La stupeur s’est abattue sur Camp-Perrin. Deux jeunes vies arrachées en pleine nuit, au cœur d’un foyer où l’on aurait dû se sentir protégé. Velanda et Valentina Gaspard l’une élève en secondaire (NS3), l’autre étudiante en sciences infirmières ont été tuées, le 6 décembre 2025, dans une mise en scène de violence qui interroge autant qu’elle révolte. Le Sud découvre une forme d’insécurité jusque-là associée à d’autres régions du pays : celle qui s’insinue dans les maisons, massacre sans explication et laisse derrière elle une peur muette.
Selon des éléments audio attribués au journaliste Valéry Numa, l’attaque s’est produite à Champlois, dans le domicile de l’ex-épouse de Luckson Morin, ancien propriétaire de La Différence Borlette, retrouvé mort dans son véhicule à Port-Salut le 9 avril 2023. Cette connexion biographique n’éclaire pas encore les motivations du crime, mais renforce la perception d’un fil rouge tragique, où les violences semblent frapper des familles déjà marquées par le deuil.
Les assaillants auraient commencé par abattre les chiens de la maison, avant de battre la propriétaire, puis d’exécuter les deux jeunes filles. Cette progression méthodique, presque rituelle, souligne une intentionnalité froide : neutraliser les défenses, terroriser les survivants, éliminer des cibles sans confrontation. Ce niveau de violence suggère davantage qu’un simple vol ou règlement improvisé. Il évoque un acte ciblé, planifié, possiblement lié à des dynamiques locales souterraines dont les habitants n’ont pas les clefs.

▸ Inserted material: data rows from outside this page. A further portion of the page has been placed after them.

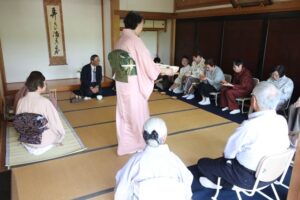 「八王寺の白藤」が満開の白藤茶会に105人が参加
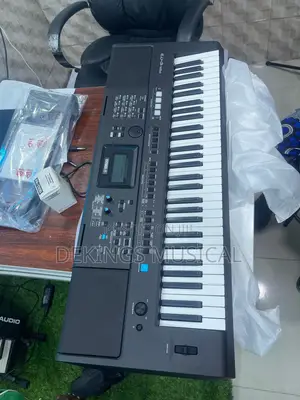 Yamaha PSR E473 Portable Keyboard 61keys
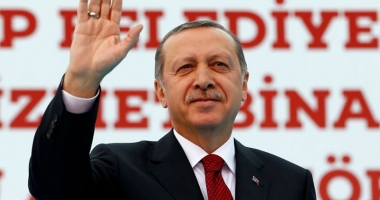 Stire din Actualitate : Erdogan nu se satură de putere. Reales președinte de partid, după trei ani de absență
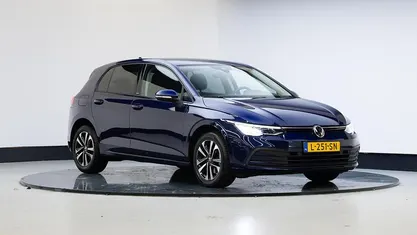 Occasion VW Golf VII Life 110 PK (80 kW) 2021 Blauw Hatchback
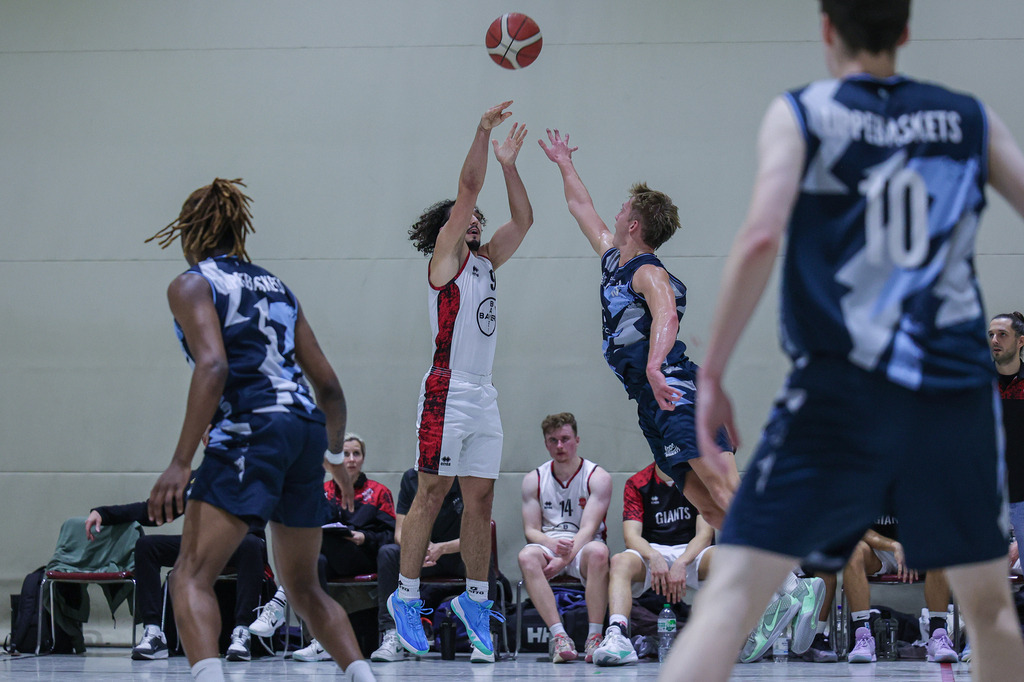1.Regio BAYER GIANTS vs LippeBaskets Werne-75 | Fotos von Basketballspielen aus dem Raum NRW fotografiert von Gero Mueller-Laschet und Daniel Schaefer - Realisiert mit Pictrs.com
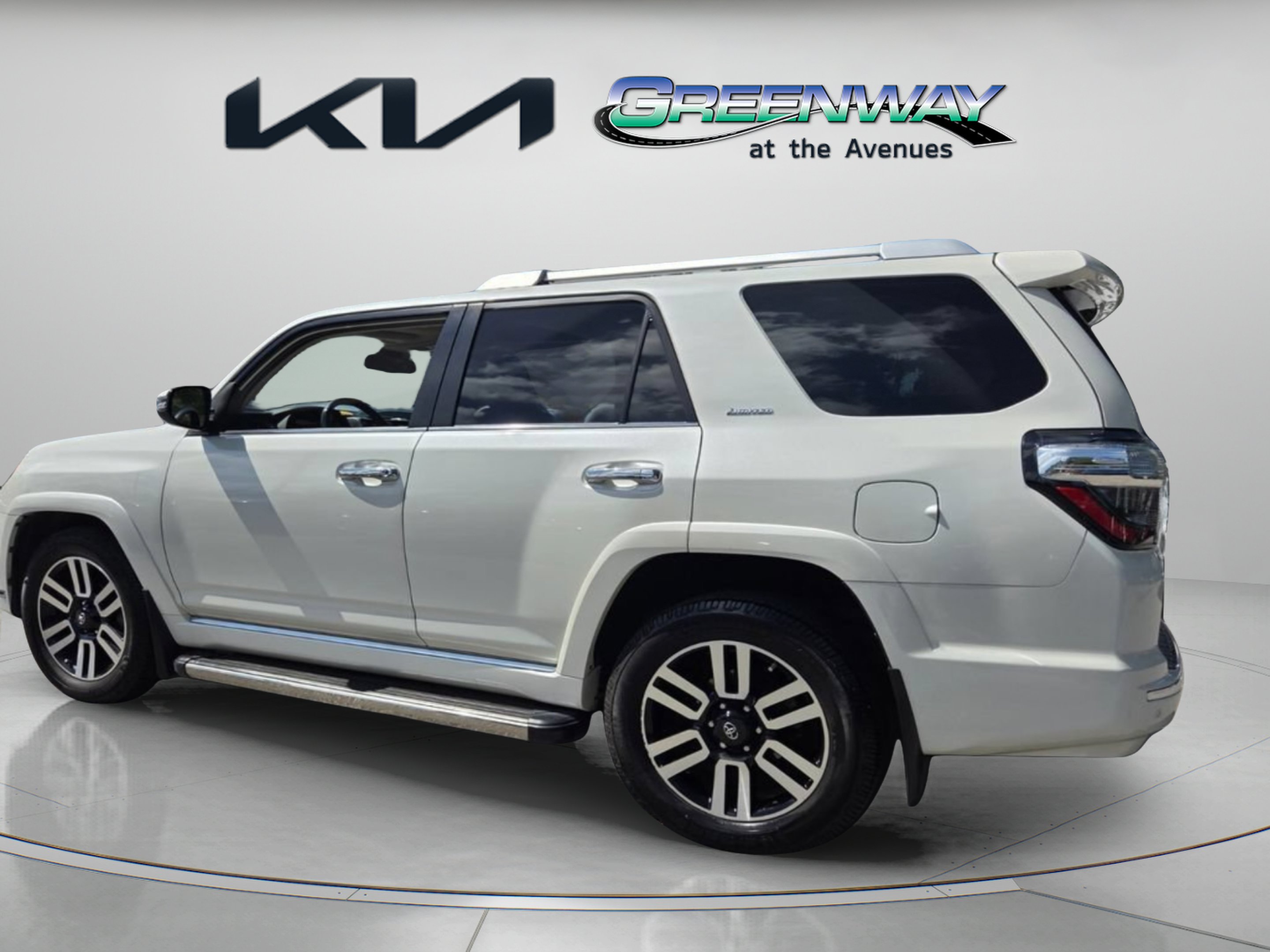 Used 2020 Blizzard Pearl Toyota Limited image 5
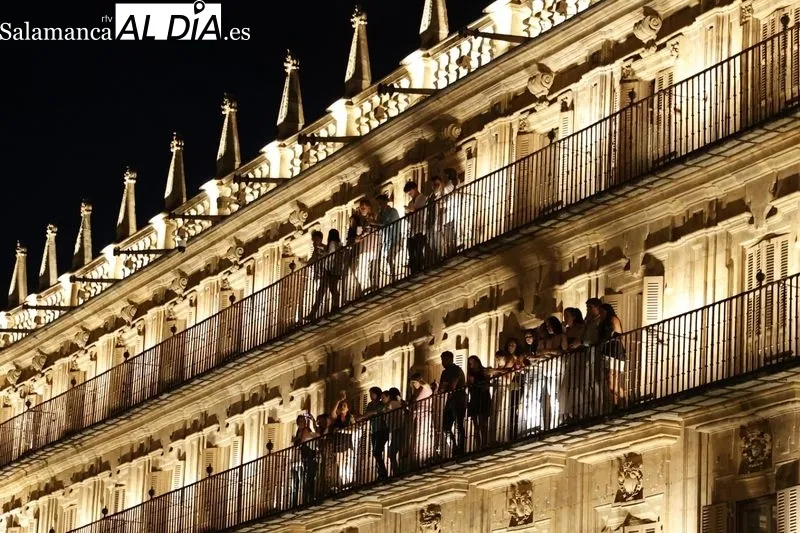 Foto 8 - Locura absoluta en la Plaza Mayor: aforo completo para disfrutar de Juan Mag&aacute;n
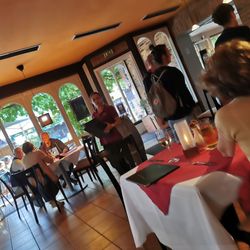 Ristorante Pizzeria La Taverna - Innenansicht 2022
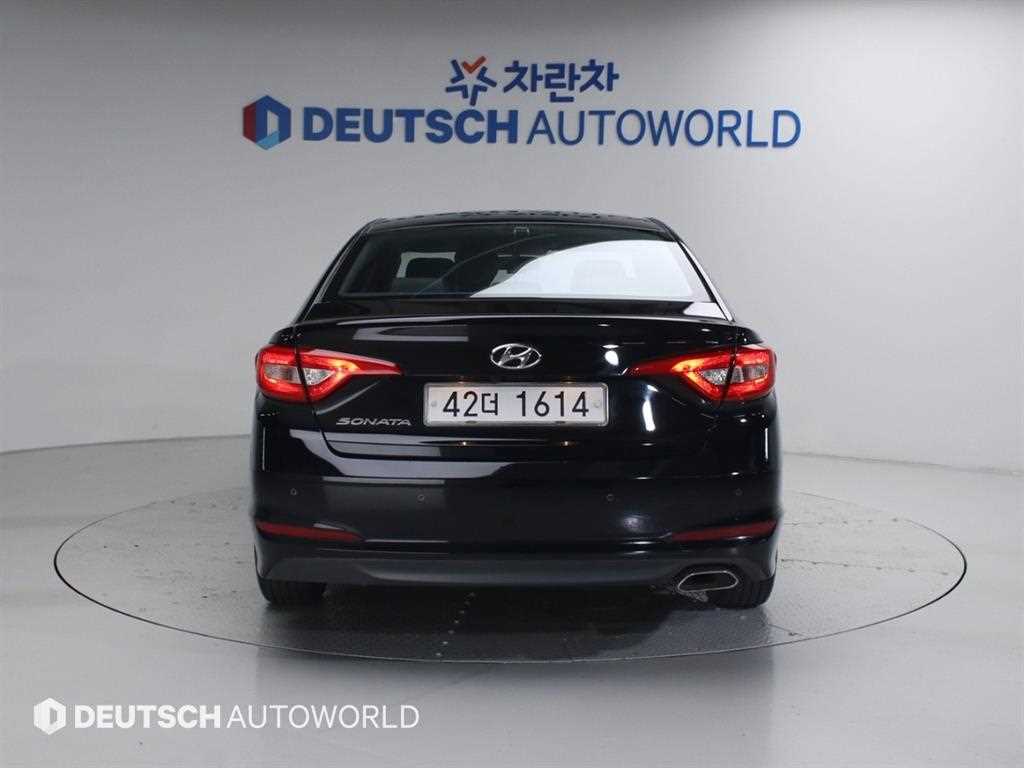HYUNDAI Sonata - Vista 4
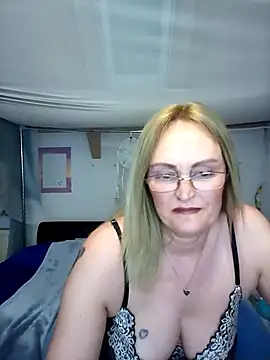 roxy 74 online show from April 13, 8:42 am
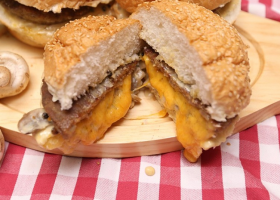 طريقة عمل برجر اللحم مع صوص المشروم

Dans la région, les interprétations circulent : vengeance, intimidation, ramifications économiques, ou simple contagion du climat criminel national. Camp-Perrin, longtemps perçue comme une commune agricole paisible, se retrouve brutalement à l’intérieur d’une carte de l’insécurité dont les frontières semblent s’élargir de semaine en semaine. L’émotion y est palpable la terreur aussi. Les réactions des habitants montrent une demande d’État, d’ordre, mais surtout de sens. Pourquoi ces deux jeunes filles ? Pourquoi ici ? Et pourquoi maintenant ?
Au-delà de l’horreur immédiate, cette affaire illustre une mutation inquiétante : la violence n’est plus seulement un phénomène urbain ou périphérique ; elle se régionalise, se privatise, frappe de manière sélective. Ce qui fait de ce crime un traumatisme, ce n’est pas uniquement la mort de deux innocentes, mais la perception d’un territoire où plus rien n’est stable : ni la maison, ni la nuit, ni l’avenir de la jeunesse.
Le Sud se retrouve ainsi témoin involontaire d’un glissement : l’espace rural, jadis refuge, devient zone grise, propice à des exécutions silencieuses que l’on peine à expliquer. En l’absence de version officielle consolidée, l’enquête devra répondre à plusieurs questions essentielles :
— Ces meurtres sont-ils liés à l’assassinat de Luckson Morin en 2023 ?
— S’agit-il d’un conflit familial, économique ou criminel ?
— Ou bien d’une manifestation locale de la fragmentation sécuritaire du pays ?
Tant que ces interrogations restent sans réponse, les habitants vivent dans le soupçon. Et là réside peut-être la dimension la plus destructrice de ce drame : la dissolution de la confiance collective. Car si deux jeunes filles studieuses peuvent être tuées dans leur propre lit, alors personne n’est réellement à l’abri.
L’affaire de Camp-Perrin n’est pas simplement un fait divers macabre ; elle devient un signe. Un symptôme d’un pays où l’État se retire et où la violence se réécrit, de manière silencieuse, sur le dos de la jeunesse celle-là même qui devrait porter demain.
Pour l’instant, Velanda et Valentina deviennent les noms d’une indignation qui cherche une cause. Il appartiendra aux enquêteurs d’établir les faits. Mais il appartient déjà à la société de constater que l’assassinat de deux jeunes filles dans leur maison ne peut pas ne doit pas devenir une normalité statistique.
C’est le Sud, cette fois. Et beaucoup craignent que ce ne soit qu’un début.